Le dimanche 17 novembre, le curé de Saint-Remy allait célébrer la grand’messe, lorsque des émissaires de Rousselin lui enjoignirent de se rendre au comité. Ses paroissiens vinrent le rejoindre, insistants sur la constitution de l’Etat qui reconnaissait la liberté entière des cultes et Rousselin permit au curé de retourner à son église. Mais 8 jours après, le dimanche 24, les églises furent fermées, le culte cessa d’y être célébré. Cela ne suffisait pas aux révolutionnaires : l’église Saint-Remy fut destinée à servir de magasin de subsistances, la cathédrale fut convertie en temple de la Raison, le chœur fut converti en salle de danse avec la musique dans les stalles et il y eut des scènes de débauche et d’immoralité, dont les chapelles des bas-côtés furent l’asile.

 

Rousselin donna ensuite l’ordre de faire dresser sur la place Saint-Pierre une guillotine, et nomma les jurés qui devaient envoyer à la mort les suspects.
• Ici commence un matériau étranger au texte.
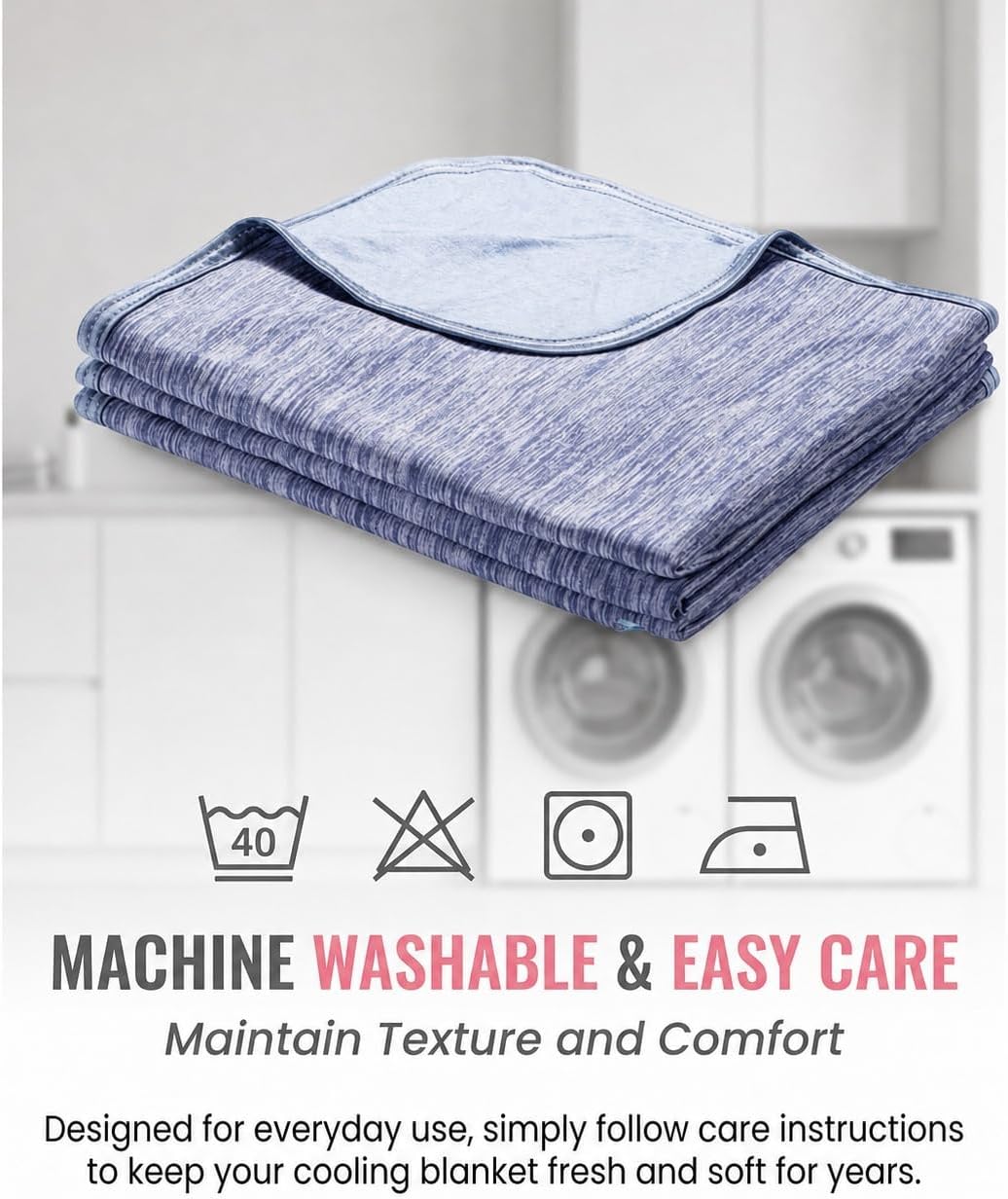 Cooling Blanket Lightweight Summer Bedding for Bed Couch Travel (Purple,200 * 220CM)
Il remplit les prisons d’un grand nombre de suspects, dont des femmes, et jusqu’à un vieillard de 82 ans, presque aveugle, qui fut arraché de son domicile à 2 h du matin et conduit au Grand-Séminaire, l’ancienne abbaye de Notre-Dame-en-l’Isle, où les suspects avaient été transférés.

 

Le conseil général de la commune décida qu’une statue de la Liberté serait placée au-dessus de la porte de l’hôtel de ville.

 

Rousselin expulsa de l’administration les membres les plus sages et les plus modérés et les remplaça  par des sans-culottes affichant les opinions les plus extrêmes, « aussi ineptes qu’immoraux ».

 

Il sévit sur les riches et les négociants : tous ceux qui ne payaient pas la taxe dans les 24 heures étaient menacés d’être imposés au double, ou d’être incarcérés et livrés à la commission révolutionnaire.

 

La Convention interdit aux particuliers de conserver chez eux de l’or, de l’argent ou des bijoux sans les déclarer. Sous l’influence du maire Gachez, des perquisitions furent faites et de l’or et des sommes importantes saisies.

 

Rousselin fut obligé de repartir à Paris, chargé des malédictions de la population troyenne qu’il avait terrorisée. Après son départ, les autorités locales fonctionnèrent régulièrement.